Thank you, Rochelle and thank you for joining us today. George Freeman, our Chairman President and CEO; Airton Hentschke, our Chief Operating Officer; and Johan Kroner, our Chief Financial Officer are here with me today and will join me in answering questions after these brief remarks.
This call is being webcast live and will be available on our website and on telephone taped replay. It will remain on our website through May 4th, 2020. Other than the replay, we have not authorized and disclaim responsibility for any recording replay or distribution of any transcription of this call. This call is copyrighted and may not be used without our permission.
Before I begin to discuss our results, I caution you that we will be making forward-looking statements that are based on our current knowledge and some assumptions about the future and are representative as of today only. Actual results could differ materially from projected or estimated results and we assume no obligation to update any forward-looking statements.

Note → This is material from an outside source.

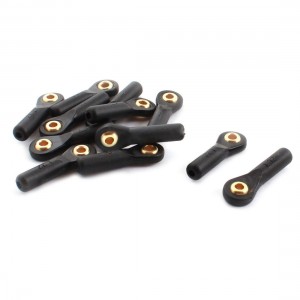 12Pcs 3X32X3mm Rod End Metal Ball Head Buckle Joints Black for RC Climbing Car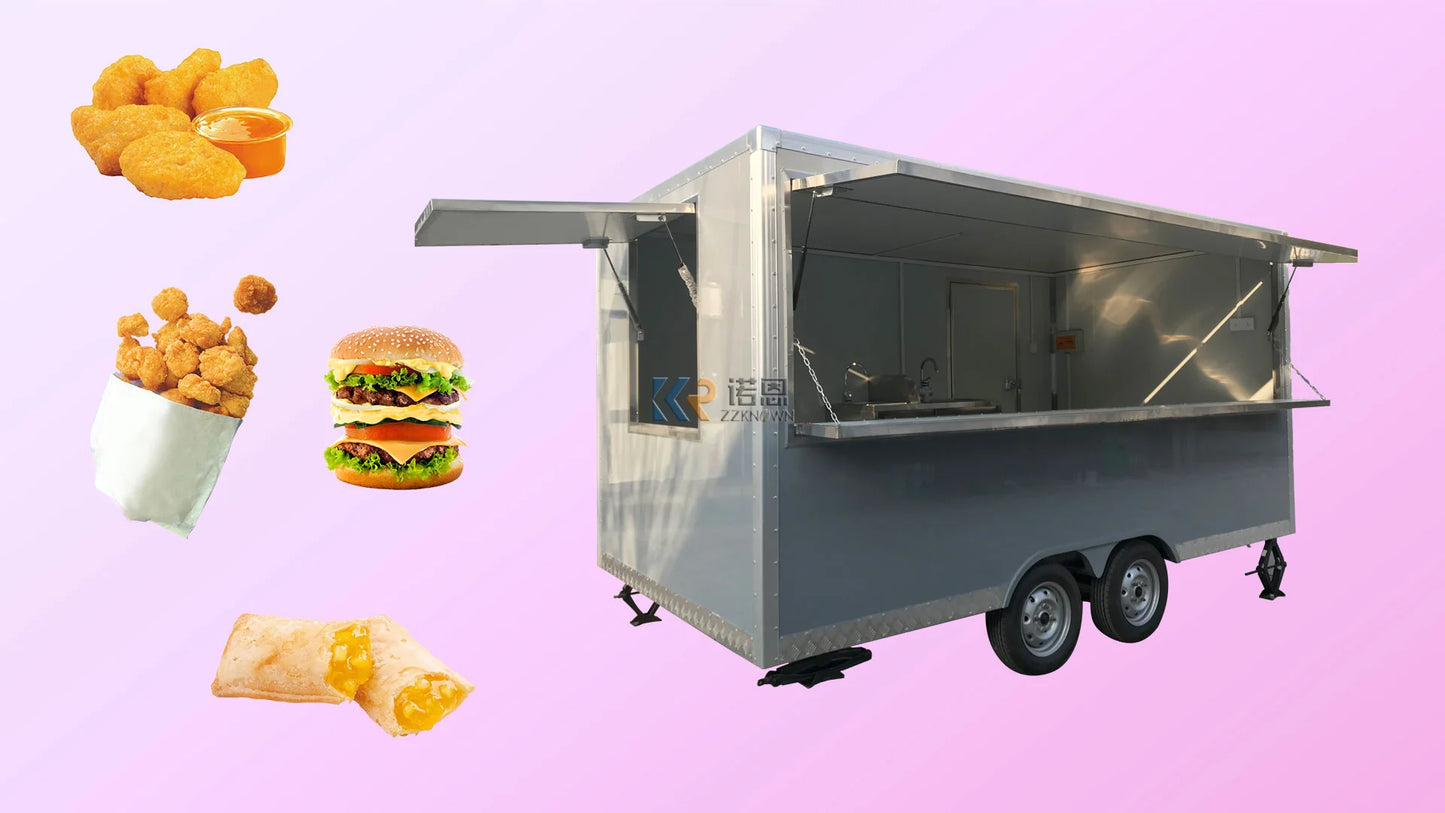 2023 400cm Square Food Trailer with DOT CE Mobile Fast Food Trailer Street BBQ Food Truck with Full Kitchen Equipments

For information on some of the factors that can affect our estimates, I urge you to read our 10-K for the year ended March 31, 2019 and the Form 10-Q for the most recently ended fiscal quarter. Such risks and uncertainties include, but are not limited to, customer mandated timing of shipments, weather conditions, political and economic environment, government regulation and taxation, changes in exchange rates and interest rates, industry consolidation and evolution, and changes in market structure or sources.

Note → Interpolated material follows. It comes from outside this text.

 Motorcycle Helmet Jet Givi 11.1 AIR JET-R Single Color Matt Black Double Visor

Finally, some of the information I have for you today is based on unaudited allocations and is subject to reclassification. In an effort to provide useful information to investors, our comments today may include non-GAAP financial measures. For details on these measures including reconciliations to the most comparable GAAP measures, please refer to our current earnings press release.
Net income for the nine months ended December 31, 2019 of $56.1 million or $2.23 per diluted share compared with $72.8 million or $2.87 per diluted share for the same period of the prior fiscal year.

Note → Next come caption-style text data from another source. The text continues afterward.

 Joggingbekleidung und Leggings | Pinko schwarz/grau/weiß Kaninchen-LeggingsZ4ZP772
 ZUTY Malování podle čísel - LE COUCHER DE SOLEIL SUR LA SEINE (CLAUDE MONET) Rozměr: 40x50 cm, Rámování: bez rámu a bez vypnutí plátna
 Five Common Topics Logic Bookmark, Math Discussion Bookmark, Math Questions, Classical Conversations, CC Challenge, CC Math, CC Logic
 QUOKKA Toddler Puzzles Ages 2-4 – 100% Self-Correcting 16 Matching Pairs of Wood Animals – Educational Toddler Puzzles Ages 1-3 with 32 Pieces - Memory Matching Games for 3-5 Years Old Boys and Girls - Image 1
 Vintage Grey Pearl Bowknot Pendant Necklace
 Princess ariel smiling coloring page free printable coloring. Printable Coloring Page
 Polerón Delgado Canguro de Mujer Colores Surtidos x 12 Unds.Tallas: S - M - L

Excluding certain non-recurring items which are detailed in today's earnings press release, net income and diluted earnings per share declined by $20 million and $0.78 per share respectively for the nine months ended December 31, 2019 compared to the same period in the previous year.
For the quarter ended December 31, 2019, net income was $26 million or $1.04 per diluted share compared with net income of $28.1 million or $1.11 per diluted share for the prior year's third fiscal quarter.
Excluding certain non-recurring items which are detailed in today's earnings press release, net income and diluted earnings per share declined by $17 million and $0.65 per share respectively compared to the same quarter of last year.
Segment operating income was $97.1 million for the nine months ended December 31, 2019; a decrease of $28.2 million and for the quarter ended December 31, 2019 was $44 million, a decrease of $18.6 million both compared to the same periods last fiscal year.
Results reflected earnings declines in the North America and other regions segments, partially offset by earnings improvements in the Other Tobacco Operations segment for the nine months ended December 3,1 2019 as compared to the same period in the prior fiscal year.
For the quarter ended December 31st, 2019, results declined for all segments compared to the quarter ended December 31, 2018. Consolidated revenues decreased by $277.5 million to $1.3 billion for the nine months and by $131.1 million to $505 million for the three months ended December 31, 2019 compared to the previous fiscal year on lower sales volumes and prices.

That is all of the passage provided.